• Problem statement: The response should consist of every line below, restated exactly, with no pictures.

-- Input follows --

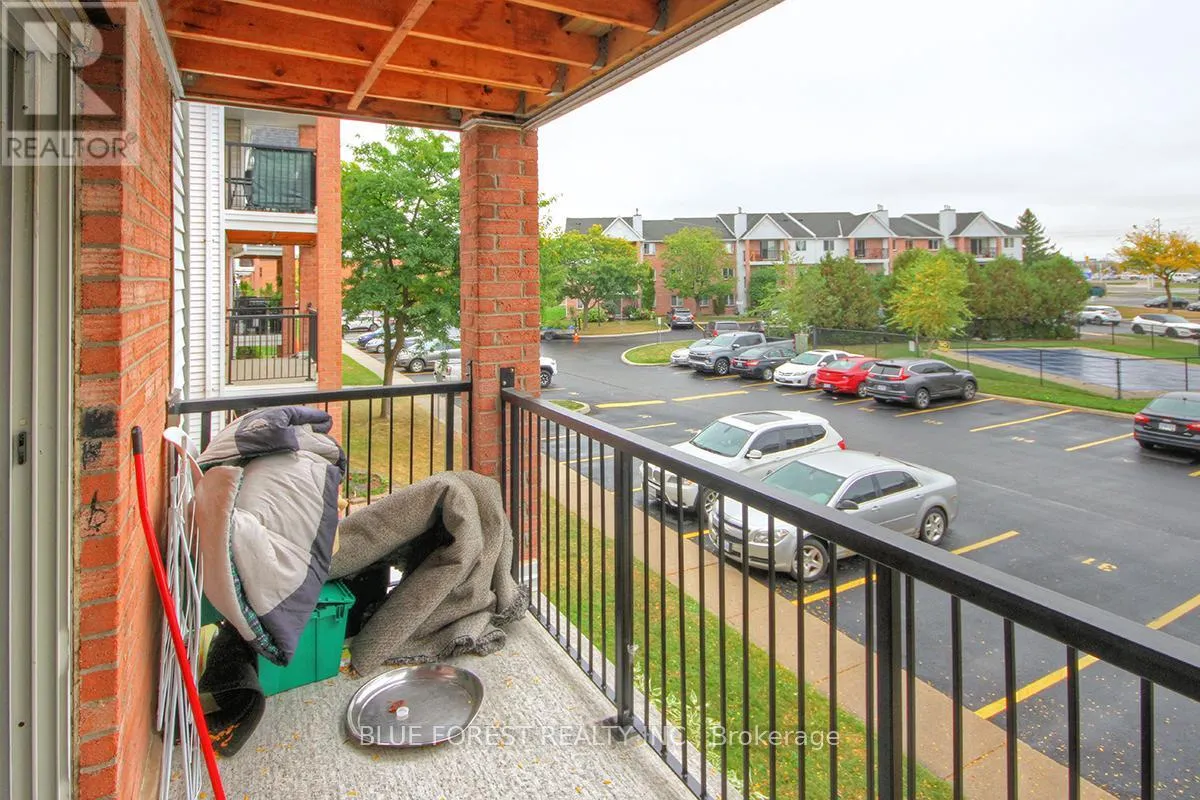 37 - 1096 JALNA BOULEVARD, #37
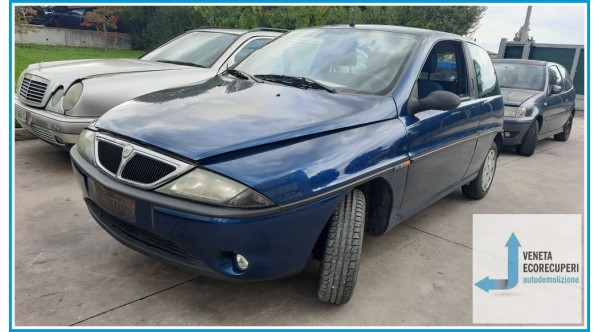 LANCIA Y  del 1997 parti usate e ricambi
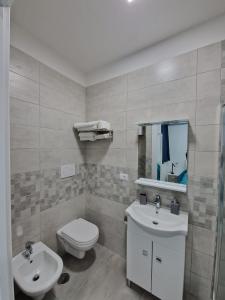 A bathroom at B&B HERCULANEUM RUINS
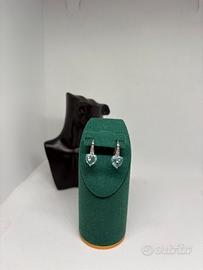 Orecchini nuovi pendenti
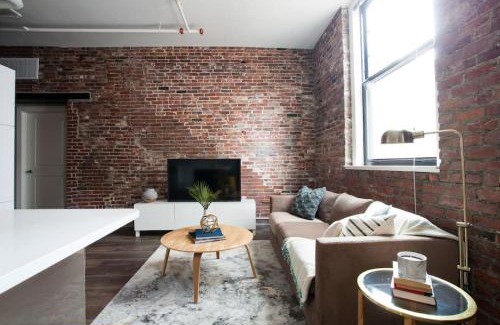 Downtown Boston Apartment | Centrally Located Luxurious Loft Walk Anywhere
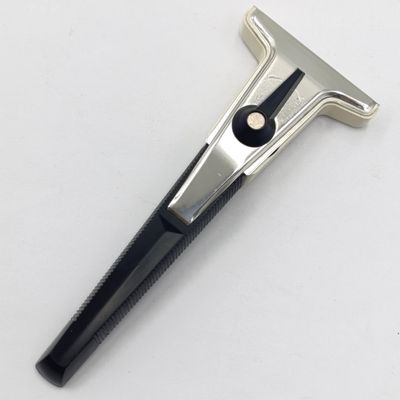 Vintage Gillette Techmatic razor with 7 extra cartridges
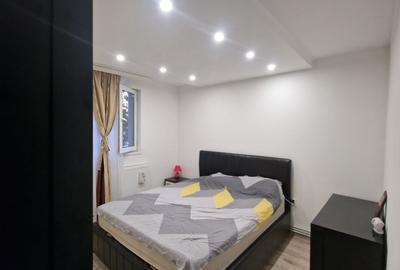 Apartament cu 3 camere decomandat în Piața Centrală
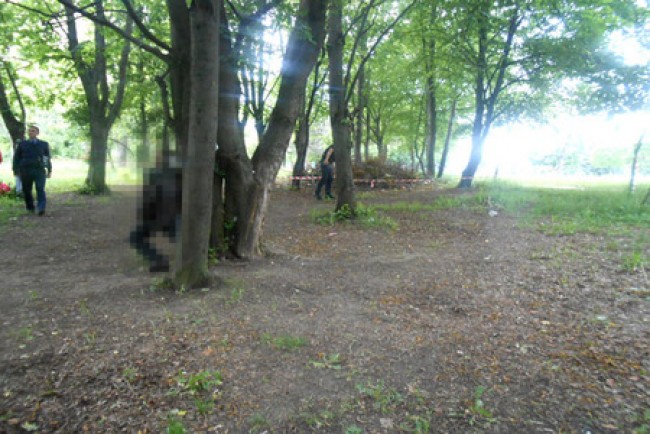 Рівнянка знайшла в парку мертву людину (Фото)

-- Input concluded --

• Result:
 37 - 1096 JALNA BOULEVARD, #37
 LANCIA Y  del 1997 parti usate e ricambi
 A bathroom at B&B HERCULANEUM RUINS
 Orecchini nuovi pendenti
 Downtown Boston Apartment | Centrally Located Luxurious Loft Walk Anywhere
 Vintage Gillette Techmatic razor with 7 extra cartridges
 Apartament cu 3 camere decomandat în Piața Centrală
 Рівнянка знайшла в парку мертву людину (Фото)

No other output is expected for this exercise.